You can read more here, but it’s a ‘theory’ of illness and cure that originated prior to the discovery of germs and the development of germ theory. Since that time, it has persisted largely and remarkably unchanged. The basic axioms are that “like cures like” and “the more you dilute something, the stronger it becomes.” So, for example, if you’re an end-stage alcoholic suffering from cirrhosis of the liver, the best medicine is tequila, but only if you cut it with water so many times that there’s no tequila left in your tequila. So, two wrongs (and one utter violation of the laws of physics as we know them) make not a right, but a nothing (i.e. giving water to someone with cirrhosis). And the fact that homeopathy is predicated upon diluting any actual effects out of existence is probably the reason it’s persisted while other historical, magical nonsense like alchemy, bloodletting, lobotomies, and exorcisms have gone extinct — homeopathy is relatively harmless because it’s all placebo, all the time (unless a practitioner makes a mistake and creates a nostrum that actually has some effect, which would be a problem). At the time this was proposed, it was as reasonable as any other contemporary approach to medicine, but in this day and age, it’s utter quackery.

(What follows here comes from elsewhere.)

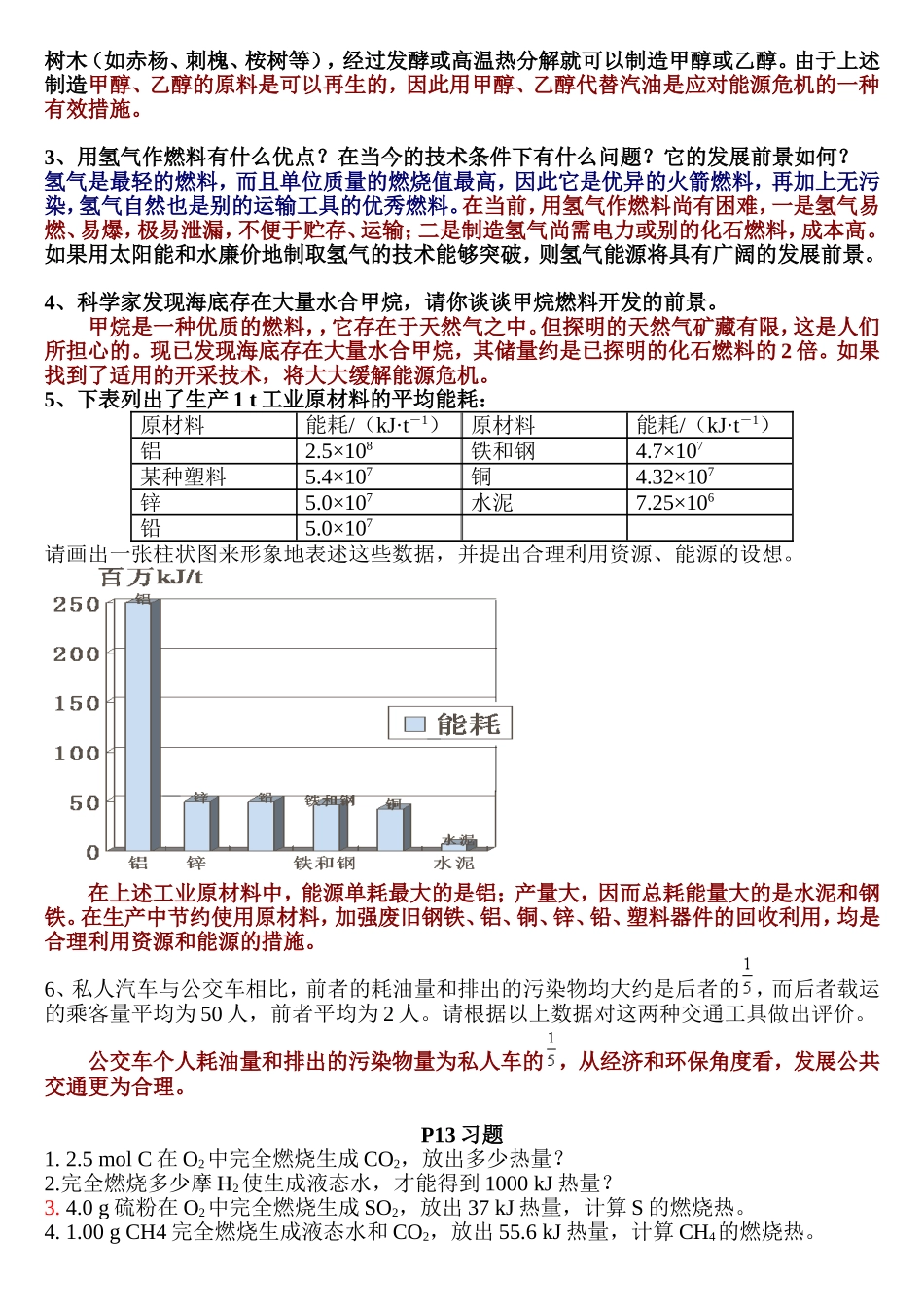 化学选修4《化学反应原理》课后习题和答案_第2页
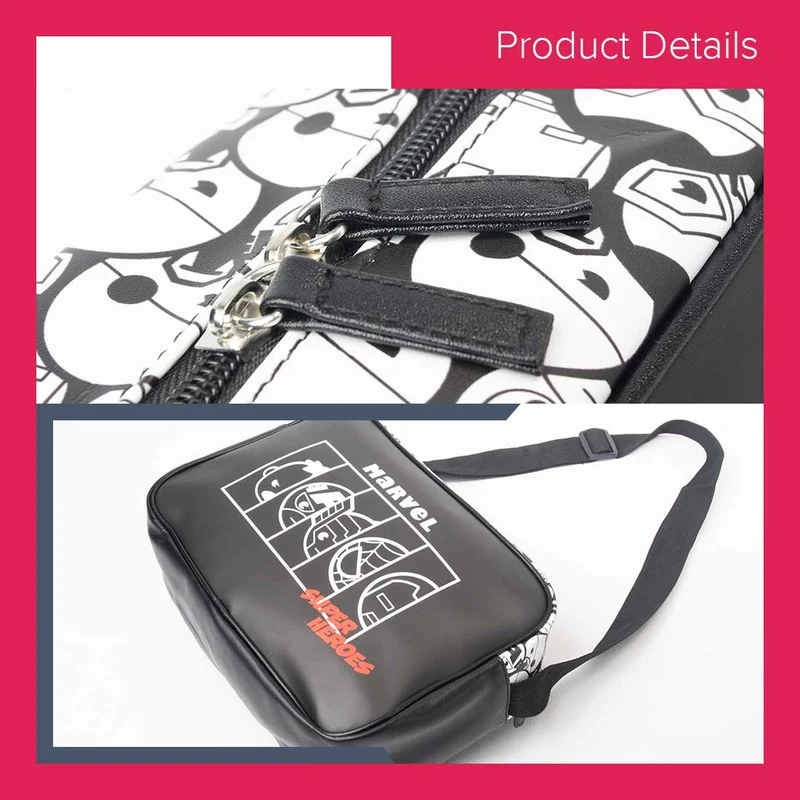 MINISO Marvel Tas Selempang Persegi Panjang Tas Bahu Crossbody Shoulder Bag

Let’s come back to this later.

I’m OK, You’re OK

In software development, we start out as babes in the woods with an “I’m not OK, you’re OK” mentality. Everyone else knows what they’re doing and we’re lost. This is not healthy — we should be nurtured and not judged until we feel that we’re OK. Likewise, what separates good mentors from Expert Beginners is the adoption of an “I’m OK, you’re OK” attitude versus an “I’m OK, you’re not OK.” The latter is also not good. I write code and I’m OK. You write code and you’re OK. Maybe you’re more experienced than me, or maybe I’m more experienced than you. Either way, that’s OK. I’m OK and you’re OK.

At the end of the day, we’re all writing code that works, or at least trying to. And that’s OK. It’s OK if it doesn’t always work. We’re all trying. Maybe I test my code before checking it in. I’m OK. Maybe I at least compile it. And that’s OK. Maybe you don’t. And that’s OK. You’re OK. I’m OK and you’re OK. As long as we’re all trying, or, if not always trying, at least showing up, we’re all OK. There’s no sense casting aspersions or being critical.

This is the mature, healthy way to regard one another in the industry. Isn’t it? As long as we show up to work for the most part and sometimes write stuff that does stuff, who is anyone to judge? We’re all OK, and that’s OK.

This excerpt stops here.